Segunda-feira passada, 2 de abril,  foi o dia mundial de conscientização sobre o autismo. Compartilhei imagens pelo facebook. Me vesti de azul. Curti encontros de pais de autistas espalhados pelo país, e só não fui fazer passeata porque não fiquei sabendo de nada aqui na minha região. Mas eu quero confessar uma coisa:

Eu acho tudo isso inútil! O que falta nas pessoas não é conscietização. Eu não creio na máxima de que a educação seja a solução dos problemas da humanidade. A classe baixa não tem educação é faz coisas terríveis com outras pessoas. Da mesma forma, jovens da classe média alta, tocam fogo em índios, matam mendingos, usam drogas pesadas e dirigem embriagados. Não é a falta de educação.

Quem não sabe que não podemos machucar as outras pessoas, que devemos respeitar os mais velhos, que devemos dar a preferência aos deficientes, as gestantes e mães com crianças no colo? Todos sabem disso. Existem cartazes e adesivos conscientizando sobre essas coisas básicas em todo lugar: no ônibus, no mercado, no hospital, nas ruas, etc. Agora, vai me dizer que você nunca viu um jovem parar o carro na vaga de idoso? Ou uma moça sentada na vaga do deficiente físico. Ou será que você nunca viu alguém reclamar da quantidade de idosos na fila do banco, o que faz com que a fila não ande?
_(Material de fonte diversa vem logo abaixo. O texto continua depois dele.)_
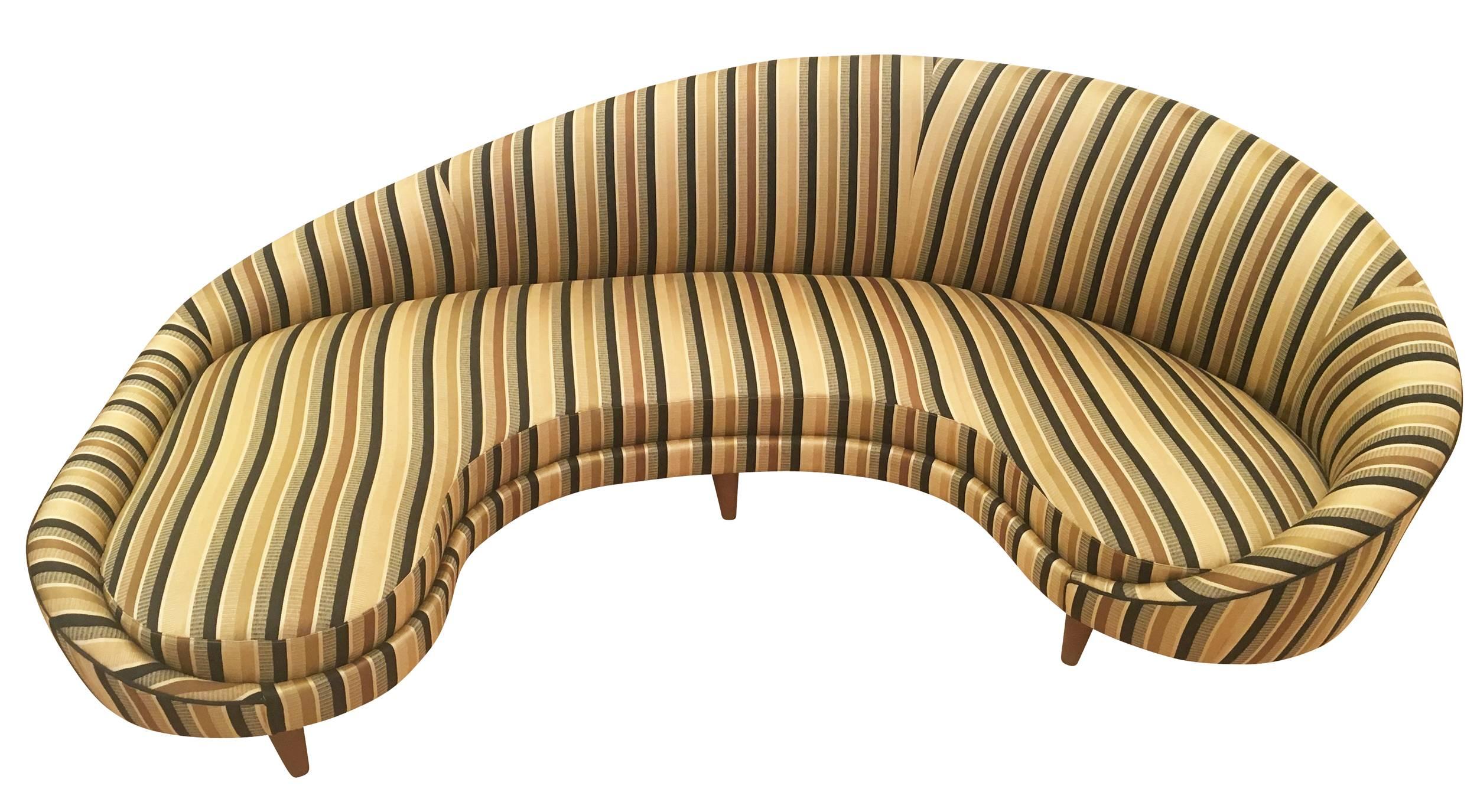 Outstanding curved Italian sofa from the 1960s upholstered in a striped gold fabric. The feet are wood.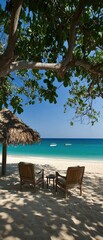 Two wooden chairs and a table sit under a tree on a sandy beach, overlooking turquoise water with boats in the distance under a clear blue sky.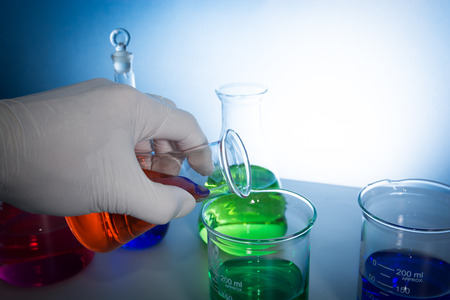 a scientist make experiments with glass laboratory apparatusの写真素材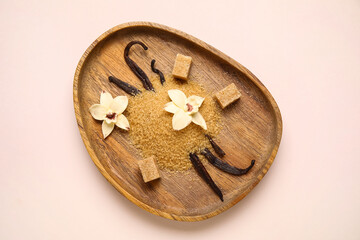 Wall Mural - Wooden plate of vanilla sugar with pods and flowers on light background
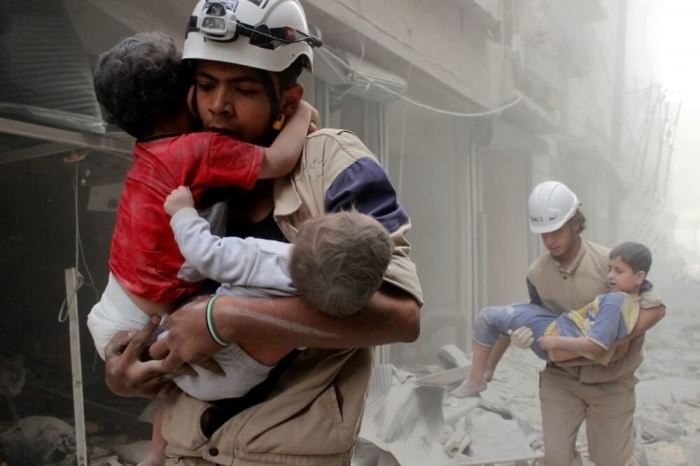 Members of the Civil Defence rescue children after what activists said was an air strike by forces loyal to Syria's President Bashar al-Assad in al-Shaar neighbourhood of Aleppo, Syria, June 2, 2014.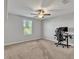 Bedroom with ceiling fan, neutral walls, carpeted floor, and a workspace at 8506 Hunters Fork Loop, Ruskin, FL 33573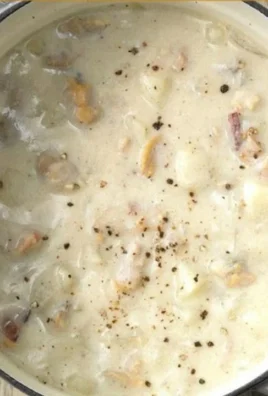 Bowl of traditional New England clam chowder with clams and herbs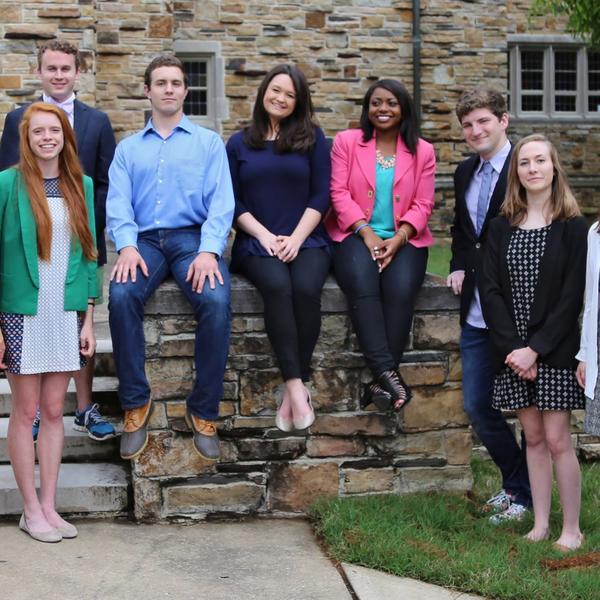 a group of students sit on a stone wall in front of a Gothic building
Pergunto: Elas não sabem que essas pessoas devem ter a preferência? Sabem. Se entrevistados na rua, provavelmente vão defender essas coisas. Se tiverem com alguém nessa condição, vão exigir que a lei seja cumprida. Mas se estiverem cansados, atrasados, ou qualquer outro motivo menos nobre, eles vão fazer o que quiserem, vão sentar onde quiserem, e ai de quem chamar sua atenção.

Por isso que digo que o problema não é conscietização. O problema é muito mais embaixo. Mais profundo. O problema é de essência. O problema é falta de humanidade. Você pode pensar que todos somos humanos. Na verdade não somos. A nossa humanidade está descaracterizada, manchada, por escolhermos viver distante do Criador. Quando escolhemos autonomia pra nossa vida e se afastamos dAquele que sustenta a nossa vida, a consequência é nossas ações estarem bem mais próximo de um animal, menos humano.

Diante disso venho afirmar que não acredito na conscientização ou na educação para solução de qualquer problema que seja. Não creio que a conscientização fará que o Brasil seja menos preconceituoso, ou que a educação fará do nosso povo mais respeitável. Eu só acredito em transformação. Aquilo que acontece quando um ser desumanizado se encontra com o seu Criador, e isso começa a produzir transformação na maneira da gente enxergar as outras pessoas, na maneira como lidamos com aqueles que são “diferentes” de nós, passando a dar a preferência não porque existe uma lei que exige isso, mas porque isso é o que queremos fazer, independente de lei, fiscalização, etc.

Acredito que só um encontro transformador pode me fazer deixar de lado o EU (eu mereço, eu preciso, eu quero, eu faço) e me fazer a olhar para o próximo com compaixão, a desejar aliviar seu sofrimento, consolá-lo, entendê-lo e ajudá-lo. É nisso que eu creio!